When an injured worker in Pennsylvania goes back to work, at least with restrictions, he or she has some protection if the work comes to an end. An issue recently addressed by the Commonwealth Court of PA is whether the job one looks at (to determine whether there are physical restrictions) is the job one held at the time of the injury, or the one held when the job is lost.
In Dougherty v. Workers’ Compensation Appeal Board (QVC, Inc.), the injured worker was employed as a video producer who suffered a tear of his Achilles tendon. After the injury, he was unable to physically do the regular duties of a video producer, but his employer took him back on a restricted basis, then reassigned him to a writer-producer position (which had much less physical demand).
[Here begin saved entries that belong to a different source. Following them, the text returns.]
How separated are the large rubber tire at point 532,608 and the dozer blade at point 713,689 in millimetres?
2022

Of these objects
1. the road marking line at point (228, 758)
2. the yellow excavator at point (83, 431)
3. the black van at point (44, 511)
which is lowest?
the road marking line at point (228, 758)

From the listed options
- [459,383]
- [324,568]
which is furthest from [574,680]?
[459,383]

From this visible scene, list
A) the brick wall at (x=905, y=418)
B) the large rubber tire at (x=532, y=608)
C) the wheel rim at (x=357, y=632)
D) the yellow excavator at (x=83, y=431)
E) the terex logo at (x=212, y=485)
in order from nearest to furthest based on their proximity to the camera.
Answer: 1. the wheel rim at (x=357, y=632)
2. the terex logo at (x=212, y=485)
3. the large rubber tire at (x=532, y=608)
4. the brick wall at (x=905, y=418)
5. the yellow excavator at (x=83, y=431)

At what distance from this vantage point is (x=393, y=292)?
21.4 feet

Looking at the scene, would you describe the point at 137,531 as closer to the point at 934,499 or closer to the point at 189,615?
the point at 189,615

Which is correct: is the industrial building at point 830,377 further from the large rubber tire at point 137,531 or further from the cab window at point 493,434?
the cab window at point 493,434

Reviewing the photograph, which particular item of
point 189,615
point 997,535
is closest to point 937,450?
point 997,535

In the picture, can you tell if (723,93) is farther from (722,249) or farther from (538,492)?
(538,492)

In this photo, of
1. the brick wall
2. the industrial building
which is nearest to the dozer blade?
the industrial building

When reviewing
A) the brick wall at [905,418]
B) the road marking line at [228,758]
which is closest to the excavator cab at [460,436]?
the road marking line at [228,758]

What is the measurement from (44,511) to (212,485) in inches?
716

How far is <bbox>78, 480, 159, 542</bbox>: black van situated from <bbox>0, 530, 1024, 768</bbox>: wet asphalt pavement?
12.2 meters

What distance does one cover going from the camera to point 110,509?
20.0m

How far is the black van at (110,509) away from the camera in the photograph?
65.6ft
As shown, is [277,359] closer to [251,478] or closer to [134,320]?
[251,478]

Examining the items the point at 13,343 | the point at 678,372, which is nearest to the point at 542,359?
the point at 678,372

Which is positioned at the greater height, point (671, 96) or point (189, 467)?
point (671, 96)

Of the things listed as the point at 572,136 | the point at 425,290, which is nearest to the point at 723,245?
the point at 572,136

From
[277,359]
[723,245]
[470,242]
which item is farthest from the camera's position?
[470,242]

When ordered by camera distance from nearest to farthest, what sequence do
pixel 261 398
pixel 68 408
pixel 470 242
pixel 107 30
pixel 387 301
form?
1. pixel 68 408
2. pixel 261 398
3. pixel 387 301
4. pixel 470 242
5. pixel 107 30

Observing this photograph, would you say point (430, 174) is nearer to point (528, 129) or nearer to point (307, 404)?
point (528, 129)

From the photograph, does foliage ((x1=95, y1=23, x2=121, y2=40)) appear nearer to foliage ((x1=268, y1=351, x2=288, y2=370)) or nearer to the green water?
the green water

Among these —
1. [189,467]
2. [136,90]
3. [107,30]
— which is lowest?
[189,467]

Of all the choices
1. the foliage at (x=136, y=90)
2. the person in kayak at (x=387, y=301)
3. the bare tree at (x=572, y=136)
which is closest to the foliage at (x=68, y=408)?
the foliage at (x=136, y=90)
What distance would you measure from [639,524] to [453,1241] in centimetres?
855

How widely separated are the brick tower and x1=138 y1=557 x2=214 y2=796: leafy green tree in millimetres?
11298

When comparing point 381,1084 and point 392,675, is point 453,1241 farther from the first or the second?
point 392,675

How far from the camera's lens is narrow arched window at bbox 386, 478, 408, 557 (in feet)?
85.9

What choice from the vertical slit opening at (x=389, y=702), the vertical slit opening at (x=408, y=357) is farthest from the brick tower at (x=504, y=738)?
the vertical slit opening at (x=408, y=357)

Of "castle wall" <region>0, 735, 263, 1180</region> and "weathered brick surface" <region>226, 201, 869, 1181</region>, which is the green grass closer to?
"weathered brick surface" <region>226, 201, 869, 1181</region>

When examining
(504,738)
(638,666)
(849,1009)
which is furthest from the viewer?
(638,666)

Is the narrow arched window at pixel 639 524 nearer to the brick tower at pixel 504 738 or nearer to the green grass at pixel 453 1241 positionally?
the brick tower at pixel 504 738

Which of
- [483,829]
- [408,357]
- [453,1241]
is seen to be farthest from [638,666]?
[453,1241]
Unfortunately, the injured worker did not have the requisite skills to do the work of a writer-producer, and he was terminated for unsatisfactory work performance.
The injured worker filed a Petition for Reinstatement, which was litigated before a Workers’ Compensation Judge (WCJ). After hearing the evidence, the WCJ denied the Reinstatement Petition. Though the WCJ found that Claimant remained physically incapable of performing the pre-injury job (video producer), the WCJ determined that he was physically able to do the writer-producer job, and the reason he was again losing wages was not due to the work injury. This was affirmed by the Workers’ Compensation Appeal Board (WCAB).
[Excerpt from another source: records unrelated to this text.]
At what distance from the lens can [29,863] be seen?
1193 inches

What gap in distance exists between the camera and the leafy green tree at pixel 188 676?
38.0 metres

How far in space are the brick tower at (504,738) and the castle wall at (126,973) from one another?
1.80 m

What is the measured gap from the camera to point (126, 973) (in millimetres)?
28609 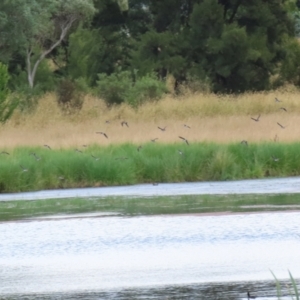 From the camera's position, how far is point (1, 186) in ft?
66.6

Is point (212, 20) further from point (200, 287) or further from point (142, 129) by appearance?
point (200, 287)

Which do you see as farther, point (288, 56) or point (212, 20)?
point (288, 56)

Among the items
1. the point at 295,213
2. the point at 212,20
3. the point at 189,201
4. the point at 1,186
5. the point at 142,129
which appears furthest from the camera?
the point at 212,20

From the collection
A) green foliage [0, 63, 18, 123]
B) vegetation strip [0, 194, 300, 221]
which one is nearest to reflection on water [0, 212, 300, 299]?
vegetation strip [0, 194, 300, 221]

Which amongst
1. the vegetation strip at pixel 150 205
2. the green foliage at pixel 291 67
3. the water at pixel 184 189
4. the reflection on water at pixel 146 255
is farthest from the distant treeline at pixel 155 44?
the reflection on water at pixel 146 255

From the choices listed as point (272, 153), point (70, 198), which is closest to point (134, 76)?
point (272, 153)

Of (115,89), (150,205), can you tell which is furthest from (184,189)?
(115,89)

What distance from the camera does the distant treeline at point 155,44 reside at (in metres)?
41.1

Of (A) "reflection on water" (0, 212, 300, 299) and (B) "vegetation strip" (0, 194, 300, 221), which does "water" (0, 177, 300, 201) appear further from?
(A) "reflection on water" (0, 212, 300, 299)

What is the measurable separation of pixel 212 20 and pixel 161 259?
103 ft

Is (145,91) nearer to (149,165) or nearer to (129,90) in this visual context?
(129,90)

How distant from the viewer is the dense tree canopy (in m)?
41.9

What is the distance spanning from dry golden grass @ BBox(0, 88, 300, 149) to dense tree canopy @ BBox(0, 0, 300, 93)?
19.2ft

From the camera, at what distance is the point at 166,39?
4331 cm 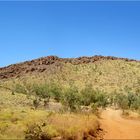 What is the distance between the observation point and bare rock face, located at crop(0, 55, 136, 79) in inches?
5512

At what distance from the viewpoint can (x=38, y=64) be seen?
150125mm

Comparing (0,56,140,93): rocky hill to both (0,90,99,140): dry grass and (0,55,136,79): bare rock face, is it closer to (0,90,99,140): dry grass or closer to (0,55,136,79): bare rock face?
(0,55,136,79): bare rock face

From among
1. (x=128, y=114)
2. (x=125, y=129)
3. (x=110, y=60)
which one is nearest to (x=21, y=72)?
(x=110, y=60)

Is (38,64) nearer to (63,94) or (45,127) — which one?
(63,94)

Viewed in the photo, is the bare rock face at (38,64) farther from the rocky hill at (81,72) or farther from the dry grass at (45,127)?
the dry grass at (45,127)

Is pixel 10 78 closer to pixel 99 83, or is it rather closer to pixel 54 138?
pixel 99 83

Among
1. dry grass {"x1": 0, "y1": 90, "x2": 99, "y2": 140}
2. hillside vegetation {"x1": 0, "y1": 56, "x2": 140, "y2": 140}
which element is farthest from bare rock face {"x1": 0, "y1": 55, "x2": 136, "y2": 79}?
dry grass {"x1": 0, "y1": 90, "x2": 99, "y2": 140}

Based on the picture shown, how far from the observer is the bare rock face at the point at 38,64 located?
140000 mm

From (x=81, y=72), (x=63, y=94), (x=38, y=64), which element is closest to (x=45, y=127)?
(x=63, y=94)

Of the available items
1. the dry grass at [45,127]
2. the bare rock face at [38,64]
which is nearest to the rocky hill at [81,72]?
the bare rock face at [38,64]

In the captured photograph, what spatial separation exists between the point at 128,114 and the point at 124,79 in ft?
261

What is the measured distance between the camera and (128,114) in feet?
108

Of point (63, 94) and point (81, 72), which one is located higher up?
point (81, 72)

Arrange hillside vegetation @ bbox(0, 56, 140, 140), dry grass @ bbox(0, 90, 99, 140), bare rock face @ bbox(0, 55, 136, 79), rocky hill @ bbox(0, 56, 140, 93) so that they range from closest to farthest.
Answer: dry grass @ bbox(0, 90, 99, 140) < hillside vegetation @ bbox(0, 56, 140, 140) < rocky hill @ bbox(0, 56, 140, 93) < bare rock face @ bbox(0, 55, 136, 79)
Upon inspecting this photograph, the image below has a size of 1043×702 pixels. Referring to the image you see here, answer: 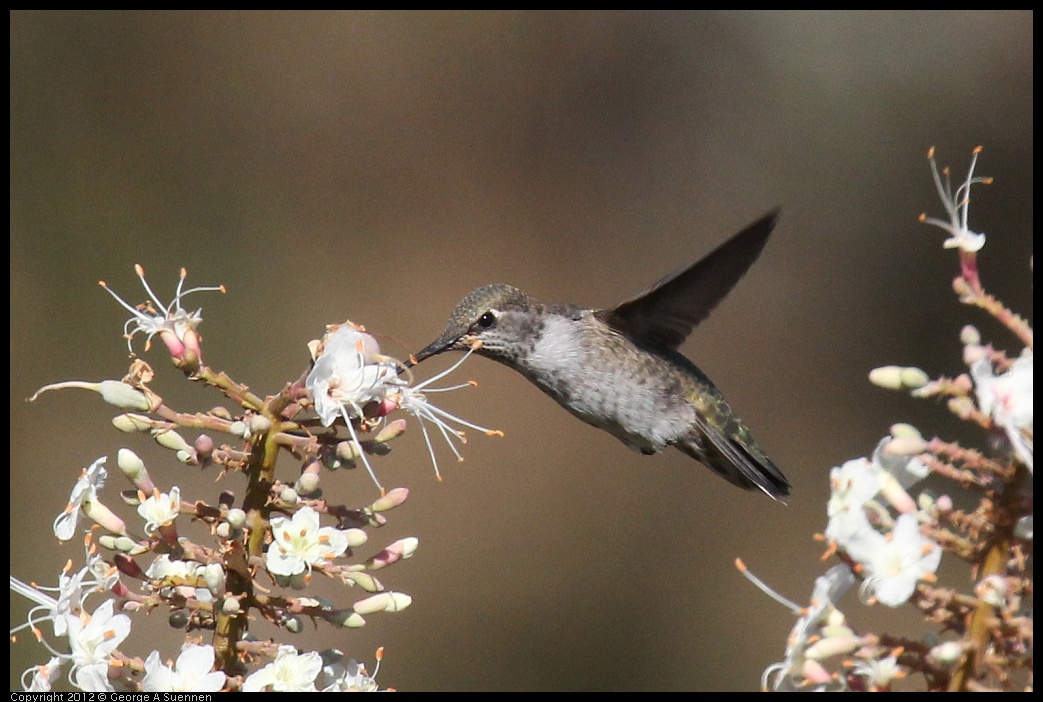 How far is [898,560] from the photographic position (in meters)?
1.50

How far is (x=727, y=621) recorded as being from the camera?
673 cm

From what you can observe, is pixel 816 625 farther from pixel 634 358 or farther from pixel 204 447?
pixel 634 358

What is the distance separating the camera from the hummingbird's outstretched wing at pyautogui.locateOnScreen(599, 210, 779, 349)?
2648 millimetres

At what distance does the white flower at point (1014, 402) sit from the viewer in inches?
55.4

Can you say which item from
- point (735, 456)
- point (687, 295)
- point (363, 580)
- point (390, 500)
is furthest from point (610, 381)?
point (363, 580)

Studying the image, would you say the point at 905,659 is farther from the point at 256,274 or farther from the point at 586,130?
the point at 586,130

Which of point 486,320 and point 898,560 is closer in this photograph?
point 898,560

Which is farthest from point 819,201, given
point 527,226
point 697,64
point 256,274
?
point 256,274

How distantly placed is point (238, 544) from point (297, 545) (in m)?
0.10

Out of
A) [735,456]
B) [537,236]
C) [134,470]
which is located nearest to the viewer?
[134,470]

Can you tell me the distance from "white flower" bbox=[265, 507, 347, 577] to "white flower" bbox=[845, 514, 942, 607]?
85 centimetres

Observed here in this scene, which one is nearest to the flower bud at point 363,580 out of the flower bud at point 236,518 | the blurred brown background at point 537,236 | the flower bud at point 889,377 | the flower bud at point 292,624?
the flower bud at point 292,624

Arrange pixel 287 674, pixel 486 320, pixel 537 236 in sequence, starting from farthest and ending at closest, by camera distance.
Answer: pixel 537 236
pixel 486 320
pixel 287 674

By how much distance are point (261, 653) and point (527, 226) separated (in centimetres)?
593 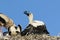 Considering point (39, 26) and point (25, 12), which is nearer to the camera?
point (39, 26)

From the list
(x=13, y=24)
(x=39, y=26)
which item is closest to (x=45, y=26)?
(x=39, y=26)

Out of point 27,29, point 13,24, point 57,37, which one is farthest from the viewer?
point 13,24

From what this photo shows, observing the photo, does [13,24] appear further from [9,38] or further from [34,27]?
[9,38]

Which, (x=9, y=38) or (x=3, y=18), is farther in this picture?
(x=3, y=18)

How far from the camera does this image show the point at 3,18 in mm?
19938

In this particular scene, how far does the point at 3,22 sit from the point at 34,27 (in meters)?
1.71

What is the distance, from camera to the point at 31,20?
19.8 meters

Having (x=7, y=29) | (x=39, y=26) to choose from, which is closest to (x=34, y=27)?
(x=39, y=26)

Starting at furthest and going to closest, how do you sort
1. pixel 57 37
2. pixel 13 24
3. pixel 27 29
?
pixel 13 24 → pixel 27 29 → pixel 57 37

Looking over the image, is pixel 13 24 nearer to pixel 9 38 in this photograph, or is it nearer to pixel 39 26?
pixel 39 26

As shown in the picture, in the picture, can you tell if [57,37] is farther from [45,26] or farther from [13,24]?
[13,24]

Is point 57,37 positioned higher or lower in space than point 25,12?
lower

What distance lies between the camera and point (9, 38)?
17.3m

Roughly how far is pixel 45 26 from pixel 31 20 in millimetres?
942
On appeal to the Commonwealth Court of Pennsylvania, the decision of the WCJ was reversed. The Court found that whether the injured worker could perform the restricted, post-injury, job was not the key factor; instead, one must look at whether he was capable of performing the pre-injury position without restriction. Since the WCJ found that he remained incapable of physically performing the pre-injury job, the injured worker was entitled to a presumption that his ongoing loss of wages was due to the work injury.
Though the Court remanded back to the WCJ to make the ultimate determination (since the WCJ is the proper Finder of Fact), the Court did note that mere incompetence, or genuine inability to do the restricted duty job, would not prevent a reinstatement of benefits. Unless there is bad faith, workers’ comp benefits should be reinstated. As the Court noted, citing a prior decision, “if claimant shows he would if he could, the bad faith threshold is not met.”
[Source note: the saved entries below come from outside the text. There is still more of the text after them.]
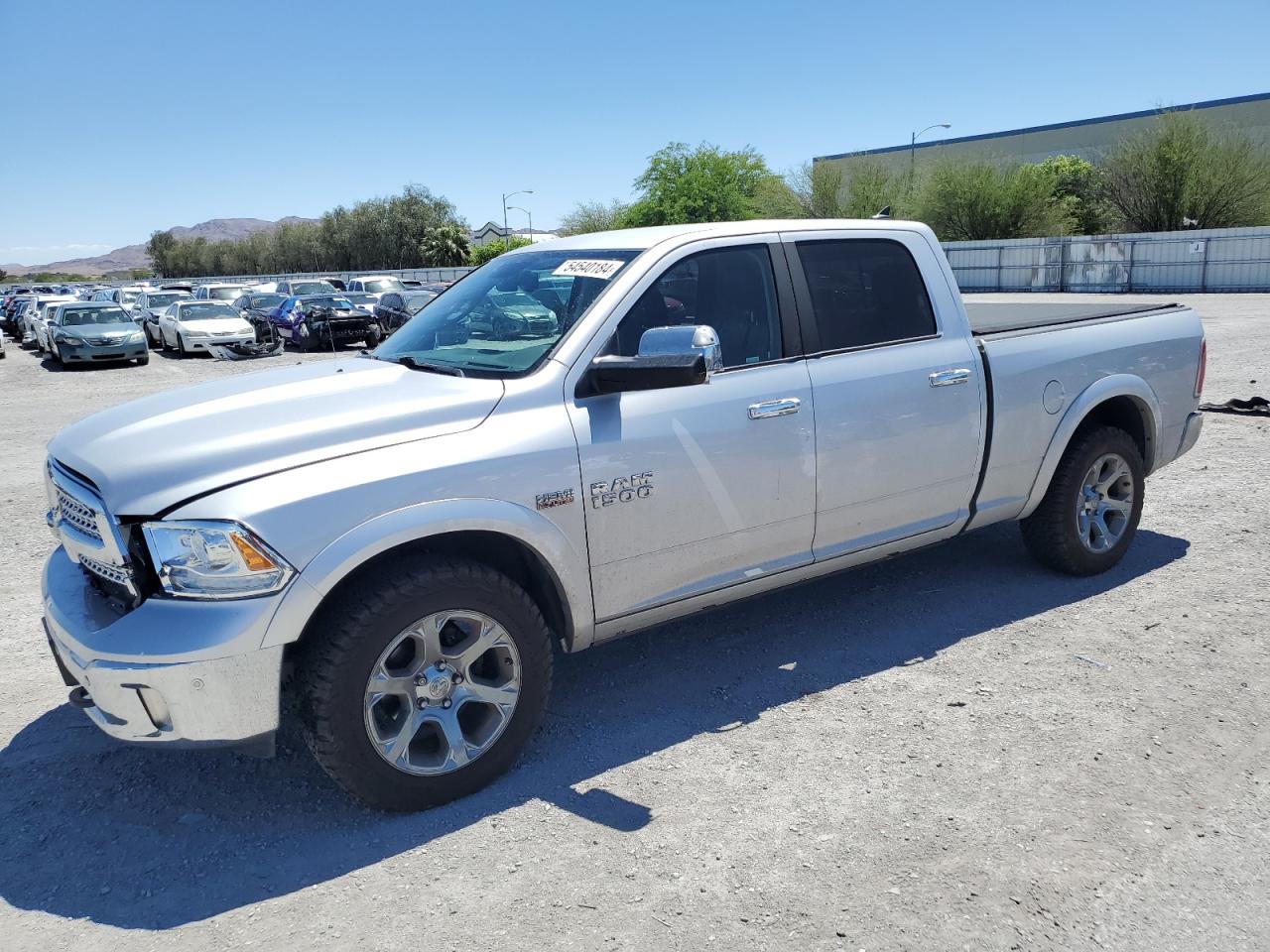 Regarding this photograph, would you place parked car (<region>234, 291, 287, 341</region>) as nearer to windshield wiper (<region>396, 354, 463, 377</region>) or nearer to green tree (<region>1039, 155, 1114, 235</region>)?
windshield wiper (<region>396, 354, 463, 377</region>)

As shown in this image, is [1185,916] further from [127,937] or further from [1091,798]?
[127,937]

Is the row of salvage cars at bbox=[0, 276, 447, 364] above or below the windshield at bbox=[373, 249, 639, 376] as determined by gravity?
below

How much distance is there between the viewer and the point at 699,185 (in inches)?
2544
This case helps address the risk an employee has when he or she tries to go back to work on a modified basis. Without the decision rendered by the Commonwealth Court, there would be a tremendous disincentive for an injured worker to try going back to another, lighter, job. By offering the injured worker some protection, the Court is making the system work better as one designed truly to return the injured worker to productive society.